Glenn Beck’s Restoring Honor Rally, held on the Washington mall, with speakers on the steps on the Lincoln Memorial, was seen as a serious event, an abomination for those who were pained by the hijacking of the legacy of one of the great mass demonstrations in American history held on the same place, on the same day of the year, forty seven years ago, the March on Washington for Jobs and Freedom, highlighted by “The I Have a Dream” speech by Martin Luther King Jr.  But viewed from the right, even from a skeptical conservative observer such as Ross Douthat of The New York Times, it was an encouraging development, affirming important cultural values, showing that the right was “free of rancor, racism or populist resentment, the atmosphere at the rally resembled that of a church picnic or a high school football game.” (link)  Of course, on Fox the enthusiasm, the celebration, was less restrained.

Stewart and Colbert

On the other hand, the planned Rally to Restore Sanity, promoted by John Stewart, and the “counter demonstration,” the March to Keep Fear Alive, promoted by Stephen Colbert, are clearly meant to be funny, and there is truth in packaging, since both of the principals work for the cable network, Comedy Central.  But it is being taken seriously. Arianna Huffington, of the famous Post, let the world know that her organization would provide free bus transportation from New York to the Rally, appropriately on Stewart’s show. (link)
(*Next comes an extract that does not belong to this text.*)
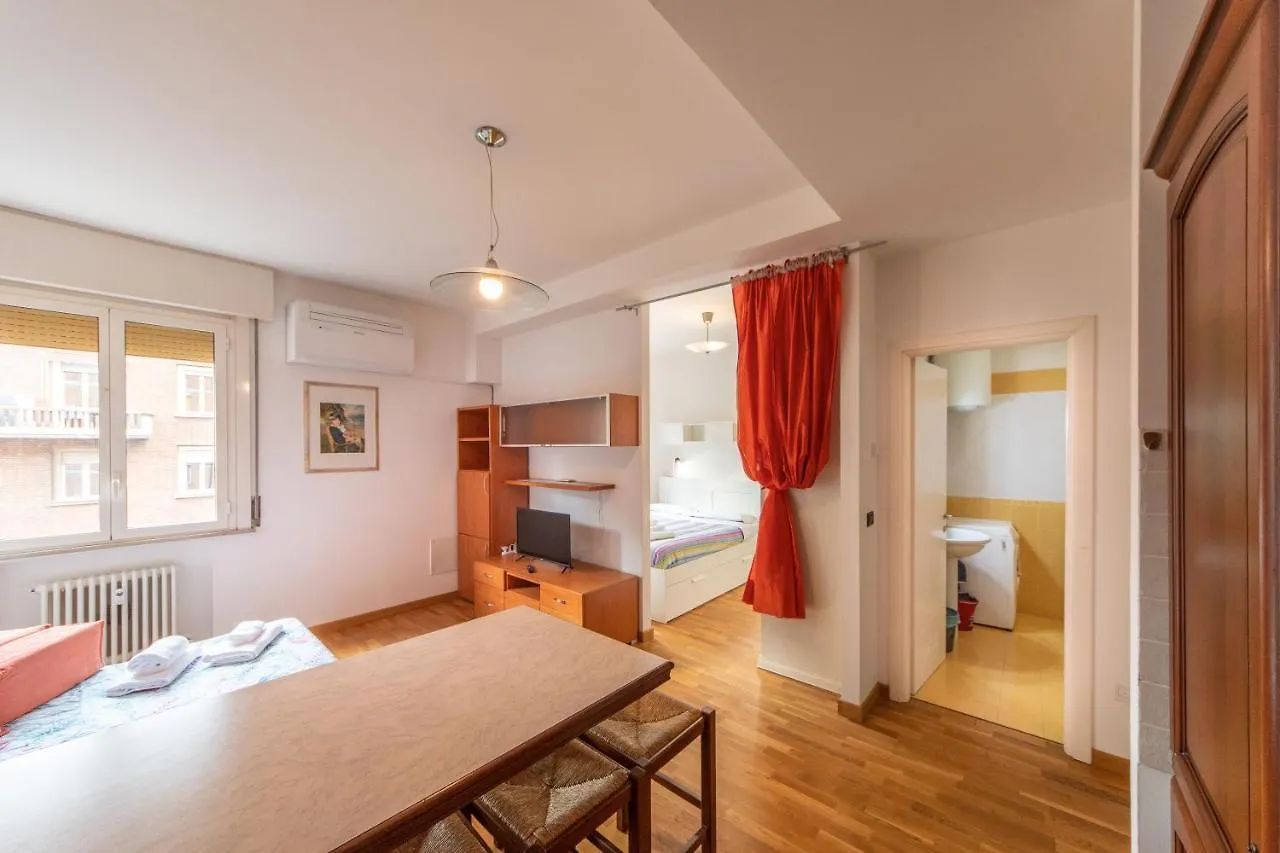 Housmart Milazzo 5 Apartman Bologna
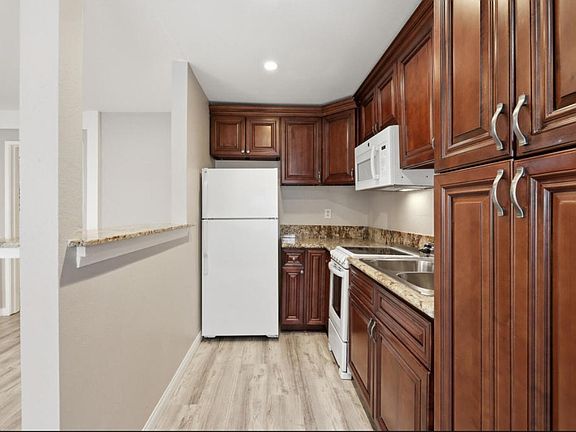 3rd image of 28947 Thousand Oaks Blvd Unit 131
And President Obama even lent his support (o.k., perhaps with his tongue strategically planted in his cheek).  And the demonstration is likely to draw tens of thousands, perhaps even hundreds of thousands, because of a widespread sense that our politics has become insane, and there is a need to protest this.

Deliberate Consideration

These two media events show how far we have come.  The boundary between entertainment and politics has never been more tenuous.  But I admit.  I find one of these media events encouraging for the prospects of American democracy and the other extremely dangerous, and I don’t think it is just a matter of my political commitments.

Beck has his power because he is outrageous. He receives public attention by being a provocateur, denouncing the President because he just doesn’t like white people, criticizing healthcare reform as a form of reparations, leading people to believe with absolute certainty that bizarre readings of the American constitution and American history are the truth, and getting them to cling to the constitution as the Red Guards of the Chinese Cultural Revolution clung to Mao’s Little Red Book.  The provocative is linked with the dogmatic on the Orwellian network that calls it tendentious news productions “fair and balanced,” and mass demonstrations are mobilized.  Sometimes Beck mutes his message, as he did at the Honor Rally, sometimes he is particularly combative, but both of his faces are backed by the appearance of certainty.

Colbert and Stewart on the other hand use humor to question dogma.  Their political sympathies are clear, but this doesn’t prevent them from making fun of politicians whom they admire.   Stewart is outrageously funny by being outrageously moderate:

“We’re looking for the people who think shouting is annoying, counterproductive, and terrible for your throat; who feel that the loudest voices shouldn’t be the only ones that get heard; and who believe that the only time it’s appropriate to draw a Hitler mustache on someone is when that person is actually Hitler. Or Charlie Chaplin in certain roles.” (link)

The form is more important than the content, and it is precise.

Postman thought that network television necessarily needed to amuse its audience to keep its attention.  He thought that “public discourse in the age of show business” (the subtitle of his book) would necessarily be un-serious and diminished as a result.  I was never convinced, but I am sure that we are seeing something else, a contest, now, in which the cable news programs that preach to the converted are polarizing and atomizing our politics using a form which is dogmatic and deadly serious.  In this situation, the forms of comedy, amusement and satire are life-giving antidotes, as Stewart and Colbert reveal.